* [Work to complete] Leaving out every picture, copy the lines of the material below exactly, from the line containing "Məhəmməd bəy Aşiq - Ayrılmış" through the line containing "I'm Only Talking".

* [Given information]
========

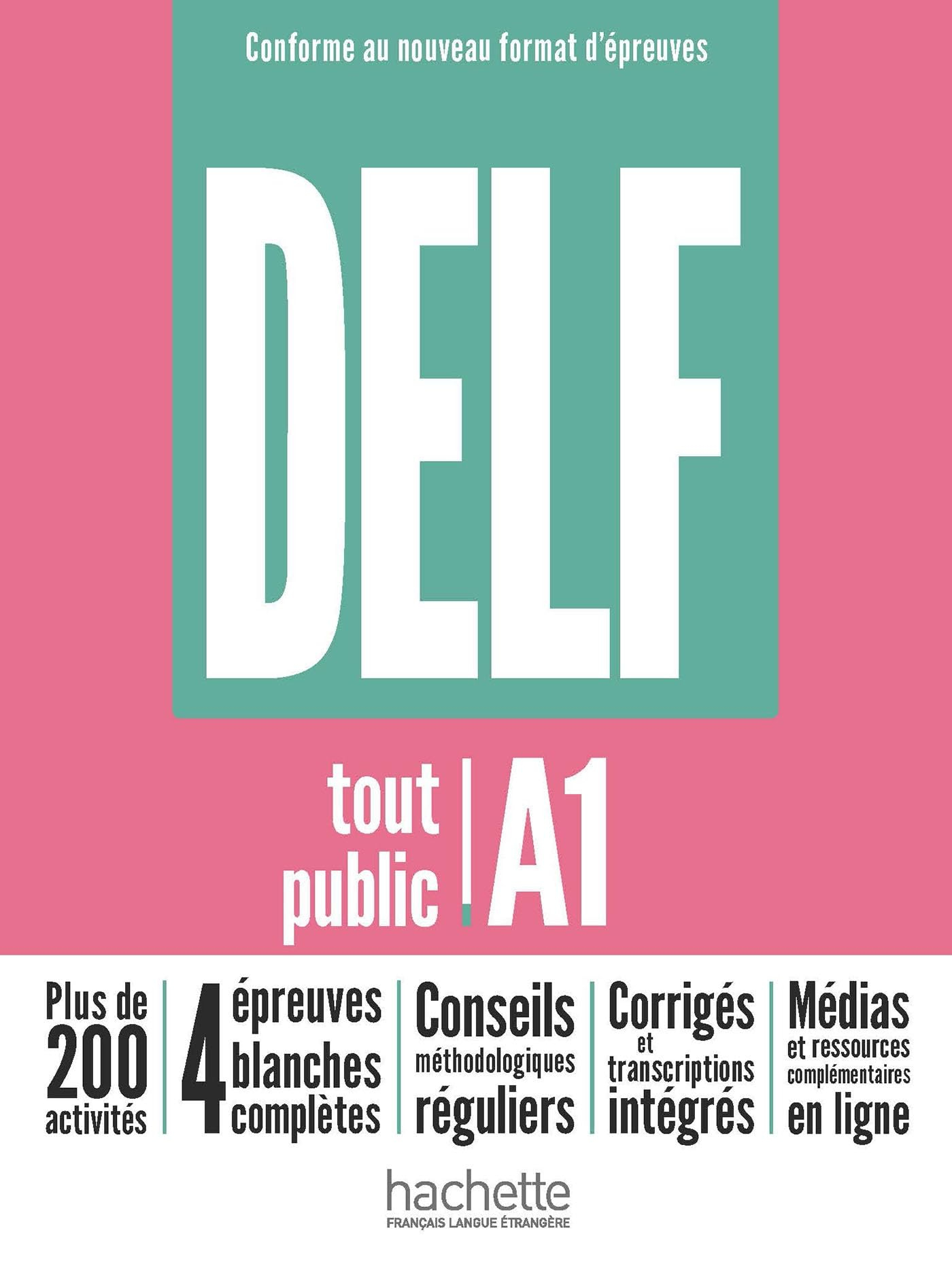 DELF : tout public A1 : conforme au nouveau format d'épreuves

========

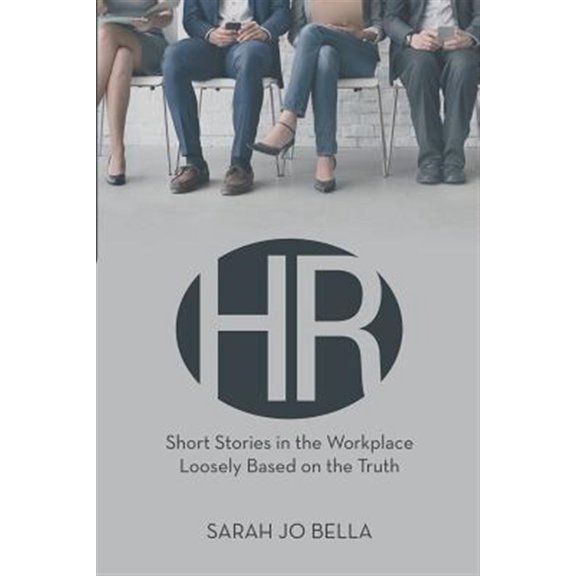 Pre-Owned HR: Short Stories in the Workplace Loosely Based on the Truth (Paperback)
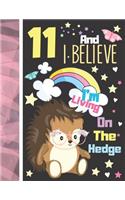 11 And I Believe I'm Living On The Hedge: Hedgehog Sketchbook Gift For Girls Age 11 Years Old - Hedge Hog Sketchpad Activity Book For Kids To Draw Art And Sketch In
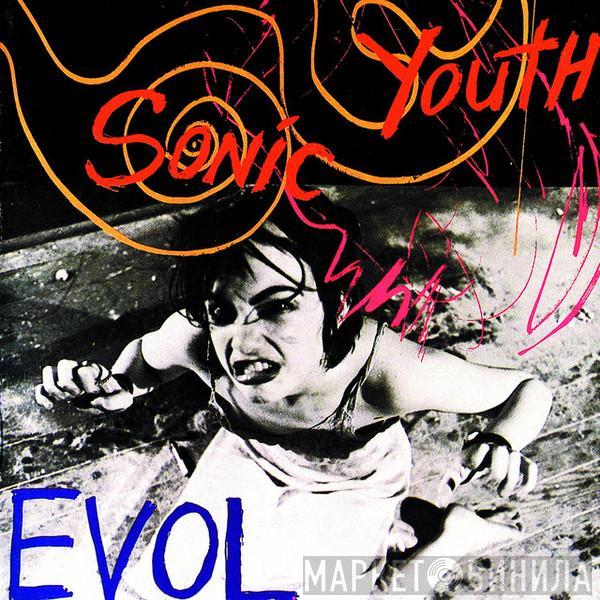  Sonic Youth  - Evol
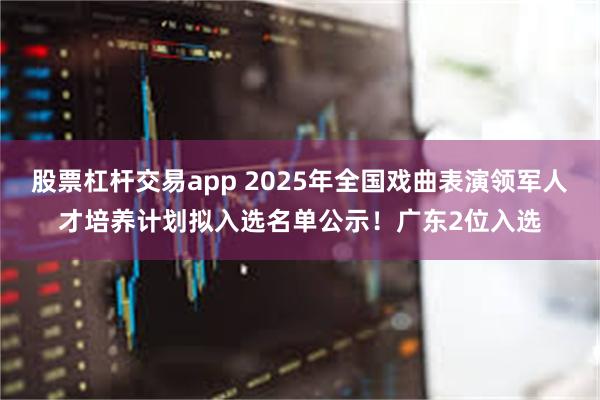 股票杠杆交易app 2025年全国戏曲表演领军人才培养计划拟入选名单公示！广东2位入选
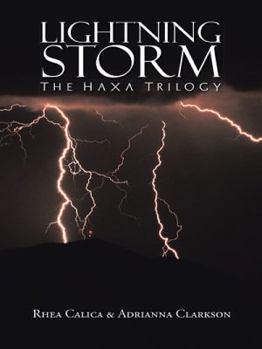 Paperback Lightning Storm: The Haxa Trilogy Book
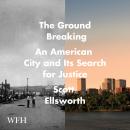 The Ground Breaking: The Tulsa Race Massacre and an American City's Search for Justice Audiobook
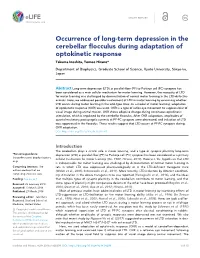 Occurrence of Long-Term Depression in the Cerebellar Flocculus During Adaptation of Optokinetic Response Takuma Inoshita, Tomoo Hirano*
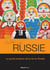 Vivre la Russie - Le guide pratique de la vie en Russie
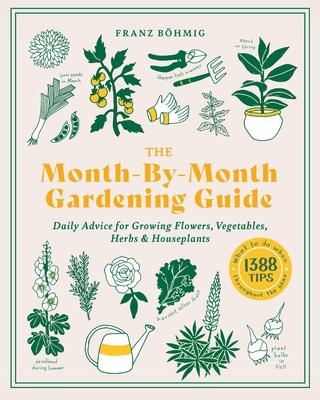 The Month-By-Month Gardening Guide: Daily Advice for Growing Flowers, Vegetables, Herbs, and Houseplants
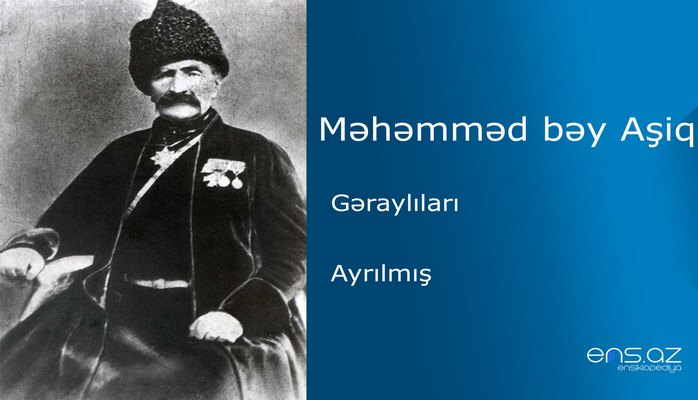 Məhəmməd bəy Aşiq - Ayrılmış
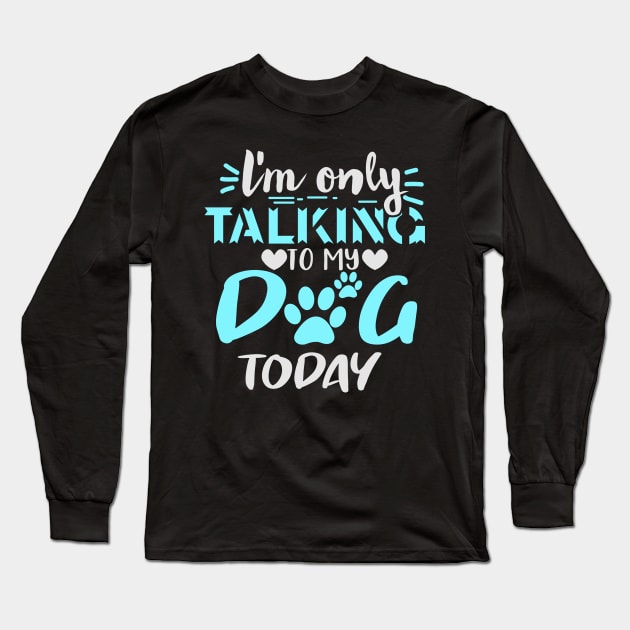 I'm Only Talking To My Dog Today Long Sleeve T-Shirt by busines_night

========

* [Worked solution]
 Məhəmməd bəy Aşiq - Ayrılmış
 I'm Only Talking To My Dog Today Long Sleeve T-Shirt by busines_night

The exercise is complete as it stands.